*Data supplied*.
════

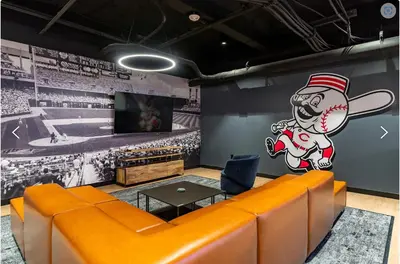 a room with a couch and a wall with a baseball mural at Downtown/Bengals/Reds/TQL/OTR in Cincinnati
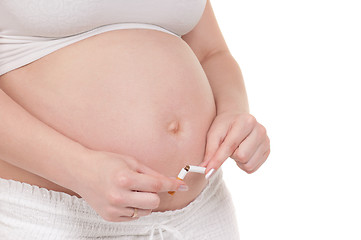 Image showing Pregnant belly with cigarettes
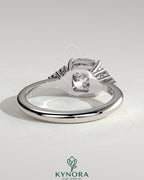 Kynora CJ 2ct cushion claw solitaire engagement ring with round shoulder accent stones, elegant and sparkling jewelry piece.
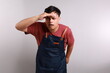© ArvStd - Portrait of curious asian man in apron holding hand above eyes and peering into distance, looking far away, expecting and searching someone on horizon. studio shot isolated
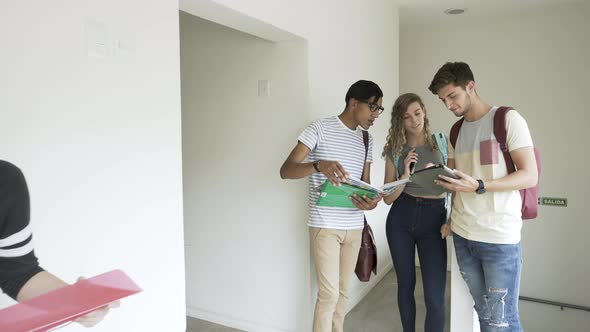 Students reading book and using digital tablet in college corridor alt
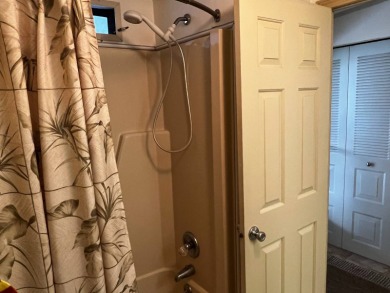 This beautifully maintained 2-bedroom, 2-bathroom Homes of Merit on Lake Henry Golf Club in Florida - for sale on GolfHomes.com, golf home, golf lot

════

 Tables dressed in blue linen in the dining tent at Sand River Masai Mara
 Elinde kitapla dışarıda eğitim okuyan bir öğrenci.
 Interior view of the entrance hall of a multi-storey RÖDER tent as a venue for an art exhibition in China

════

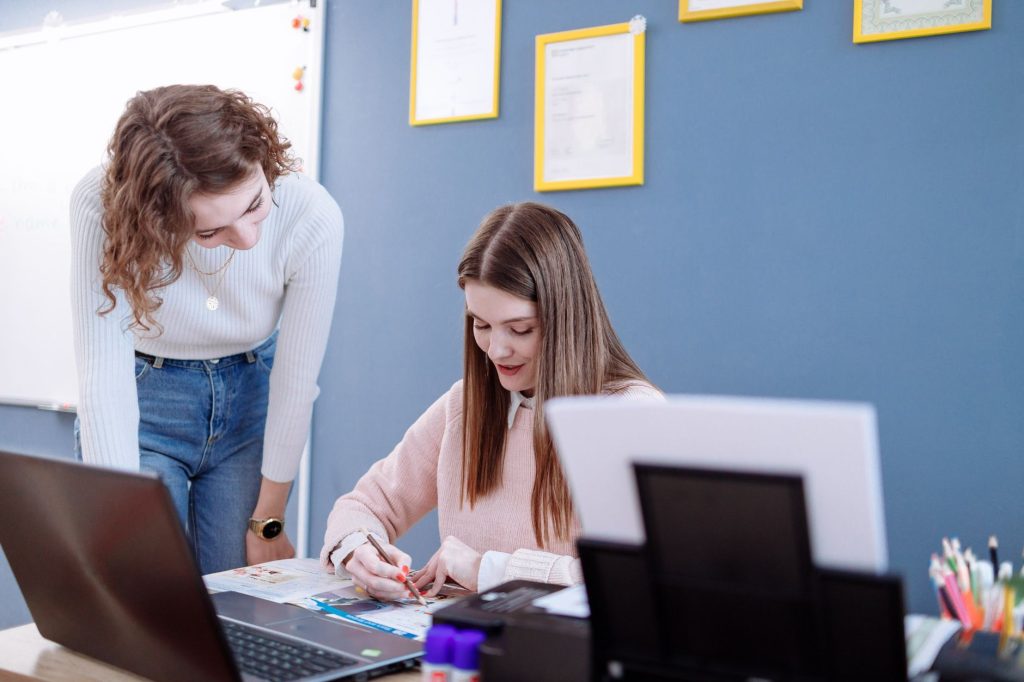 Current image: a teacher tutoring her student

════

*Task to complete*.
Only a number is wanted here: how many lines of the records above hold the word "tent".

*Reply*.
2